RNA Automation Ltd.
- Industry: Robotics, Industrial Automation
- Founded: 1986
- Headquarters: Birmingham, United Kingdom

= RNA Automation =

RNA Automation, a member of Rhein-Nadel Automation, was established in Birmingham UK, in 1986, and has progressed into becoming the major supplier of parts handling equipment in the UK. The company operates in the area of specialized Automation Engineering, providing automatic parts handling equipment for high volume production in the cosmetics, pharmaceutical, electronics, food and metal working industries, with seven manufacturing facilities across Europe and North America and a network of sales and service outlets across the globe.

==Company History==
Founded in 1972, Rhein-Nadel Automation or RNA operates worldwide in parts handling technology. Rhein-Nadel Automation is a member of the Rheinnadel Group, which has been based since 1898 in the city of Aachen, Germany. Rhein-Nadel Automation have four manufacturing sites in Germany and individual manufacturing plants in the UK, Spain and Switzerland, together with a world-wide, decentralized distribution and service network with 28 subsidiaries.

===Time line===
1968 — The department of the needle factory, so far only responsible for the internal construction of operating materials and machines, trades under the name Rheinnadel Maschinenbau and begins working for external customers.

1972 — Rheinnadel Maschinenbau now also uses the firm name Rhein-Nadel Automation GmbH and concentrates exclusively on the area of Feeding Technology.

1980–1989 — Rhein-Nadel Automation expands. The permanent establishment in Ergolding and the subsidiaries in Switzerland and Great Britain are found.

1990–1999 — Rhein-Nadel Automation continues to grow. The Spanish company Vibrant S.A. is purchased.

2000 — With RNA Automated Systems Inc., the first subsidiary outside of Europe to take up its commercial activities in Canada.

2004 — The Rheinnadel Group concentrates its activities on the area of Automation. RNA broadens its range with the components and continues to extend its development capacities.

RNA Automation specializes in automated feeder and specialist handling systems, offering vibratory bowl feeders, Linear Feeders, Centrifugal Feeders and Step Feeder systems. RNA also supplies a range of specialist handling equipment, including Vision Guided Robots, Tablet Inspection, Vision Inspection, Tray Loading, and Bottle Handling.

=== Technology ===
RNA supplies a range of vibratory, centrifugal feeders, linear and conveyor feed systems, and hopper elevator systems in different formats.

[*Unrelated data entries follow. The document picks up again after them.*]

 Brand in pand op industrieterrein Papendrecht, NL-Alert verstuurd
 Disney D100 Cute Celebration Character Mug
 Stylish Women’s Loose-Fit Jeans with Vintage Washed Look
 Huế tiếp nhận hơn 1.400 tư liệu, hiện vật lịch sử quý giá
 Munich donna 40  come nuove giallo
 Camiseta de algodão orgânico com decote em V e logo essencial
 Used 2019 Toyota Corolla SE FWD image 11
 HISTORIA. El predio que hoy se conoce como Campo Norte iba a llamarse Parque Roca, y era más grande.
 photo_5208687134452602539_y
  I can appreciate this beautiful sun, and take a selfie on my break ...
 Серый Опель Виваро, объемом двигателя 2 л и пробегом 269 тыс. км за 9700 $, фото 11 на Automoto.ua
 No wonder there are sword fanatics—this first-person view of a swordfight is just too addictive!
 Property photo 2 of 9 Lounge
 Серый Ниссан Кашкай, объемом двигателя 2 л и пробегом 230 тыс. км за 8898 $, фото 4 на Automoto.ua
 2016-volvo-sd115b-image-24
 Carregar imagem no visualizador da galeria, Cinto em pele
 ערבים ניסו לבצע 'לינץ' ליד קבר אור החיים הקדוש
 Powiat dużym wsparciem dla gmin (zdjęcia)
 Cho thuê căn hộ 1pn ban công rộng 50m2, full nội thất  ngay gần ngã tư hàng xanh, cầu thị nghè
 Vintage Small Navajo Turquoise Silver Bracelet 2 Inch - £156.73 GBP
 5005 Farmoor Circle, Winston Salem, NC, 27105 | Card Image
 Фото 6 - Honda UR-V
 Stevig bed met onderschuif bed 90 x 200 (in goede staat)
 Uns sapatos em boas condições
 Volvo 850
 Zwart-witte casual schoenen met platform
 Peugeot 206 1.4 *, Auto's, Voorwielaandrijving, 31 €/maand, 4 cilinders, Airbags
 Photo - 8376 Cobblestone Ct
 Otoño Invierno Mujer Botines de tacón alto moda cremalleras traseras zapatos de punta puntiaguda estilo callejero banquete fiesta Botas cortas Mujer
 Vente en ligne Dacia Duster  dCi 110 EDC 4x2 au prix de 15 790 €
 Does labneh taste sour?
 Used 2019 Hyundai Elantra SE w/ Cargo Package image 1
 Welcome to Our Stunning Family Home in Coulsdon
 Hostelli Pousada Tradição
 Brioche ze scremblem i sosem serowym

In association with Hoppmann Corporation, RNA offers a full range of tooled centrifugal feeders. The centrifugal feeder systems can be interfaced and supplied as a complete packaging line with further production transportation via downstream conveyor systems to subsequent packaging operations such as capping, labelling, flow wrapping, and cartoning machines.

===Specialist handling===
RNA are the sole agents in the UK and Ireland for the SVIA range of Vision Guided Robotic Systems. All systems have a Robotic arm for handling and manipulating the product, a camera system, and share the same PC-based control system and are, in most cases, integrated with a standard ABB robot controller.

RNA, alongside camera specialists Machine Vision Technology, has developed a tablet inspection system to inspect and sort tablets up to and over 1000 parts per minute. The specification of a tablet inspection system is as follows:

A 600mm diameter vibratory bowl feeder in stainless steel and a variable speed controller. A speed of 800–1000 tablets per minute Outputs onto a conveyor with a reject sort facility. With up to four double-speed progressive scan cameras and lighting mounted along the conveyor, A high-speed PC with a 17-inch LCD mounted in a SS enclosure. The system is designed to meet pharmaceutical standards The software complies with FDA requirements. All documentation is to CFR 21 pt. 11, with the fully validated version option.